Updated: 05/21/2014 6:07 AM
Created: 05/20/2014 2:19 PM KSTP.com
By: Lauren Beukelman
Minneapolis will host Super Bowl LII on Feb. 4, 2018.
Minneapolis was chosen over New Orleans, which had never lost a Super Bowl bid to date. The decision was made at the NFL's Spring League Meeting in Atlanta.
After the first two rounds of voting, there was not a majority decision on who would host Super Bowl LII. Indianapolis was eliminated in the second round with the fewest number of votes.
With only Minneapolis and New Orleans left on the ballot, the owners voted in a third and fourth round before officially announcing Minneapolis as the winner.
New Orleans was considered the favorite after hosting 10 Super Bowl events, and the Big Game would have kicked off the celebration of that city's 300th birthday in 2018.
The Minneapolis Super Bowl Bid Committee gave their 15-minute presentation first at the Ritz Carlton in front of all 32 NFL team owners. The presentation was themed "Built for the Bold." The presentation for Minneapolis was made by the former CEO of Carlson Companies Marilyn Carlson Nelson and Richard Davis, CEO of US Bank.
"On behalf of all the citizens of Minnesota, and the great Vikings fans, we want to tell them how proud we are to represent them for Super Bowl LII in 2018," Davis said.

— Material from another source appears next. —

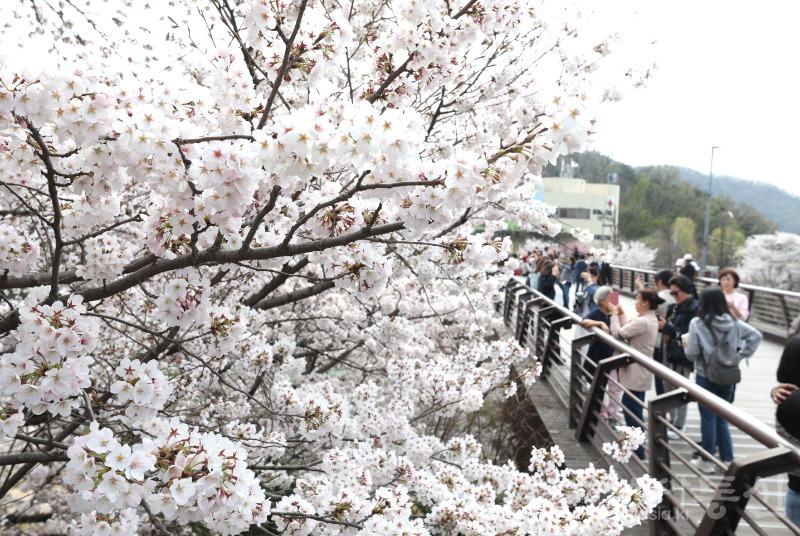 보도용 240404 양재천 벚꽃 3.JPG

"The hard work is still yet to come, as I've always said, and we're going to work hard to making sure that it's a great stadium, and work hard to make sure the Super Bowl will be a success," said Zygi Wilf, owner of the Vikings.

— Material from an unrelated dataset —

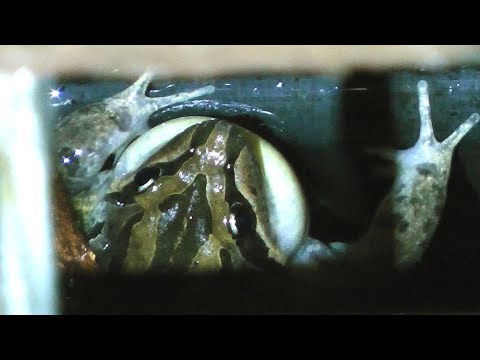Australian Striped Marsh Frog in backyard drain at night again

As soon as the NFL made the selection announcement, the Minnesota bid committee war room erupted in raucous celebration.
"It would be exciting for them to, I think, feel the energy that was palpable here. To be up against two really great cities, and to come through, on the fourth ballot, as the winner, unseat a city that's never lost, on the fourth ballot, after 10 times? That's pretty sweet," Davis said.

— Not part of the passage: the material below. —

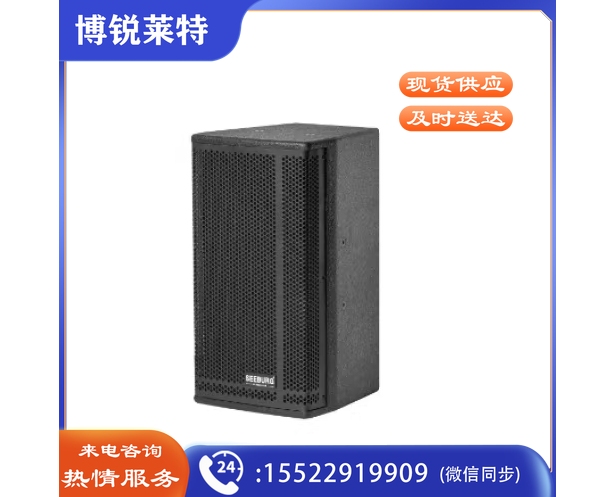 SEEBURG 单10" 专业全频音箱 黑色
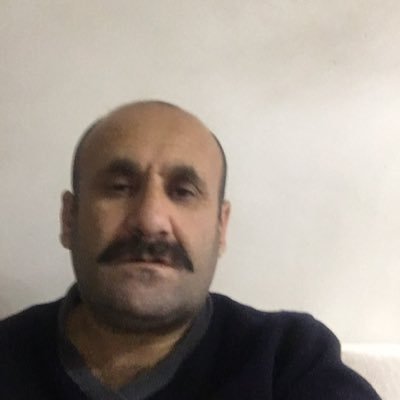 Siyaset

The bid's logo, complete with a North Star and aurora borealis, was released Monday. The logo was, fittingly, in the shape of the new Vikings stadium - the centerpiece of Minnesota's bid.
Davis said the bid committee has already hit the low end of its private fundraising goal, at about $30 million, to make the financing for the big game work. Then there's the issue of tax subsidies. Davis said they're targeting about $10 million in tax rebates for the NFL, but some of those rebates will have to be approved by the state legislature.
Minneapolis last hosted a Super Bowl in 1992 when they were chosen over Indianapolis, Detroit and Seattle.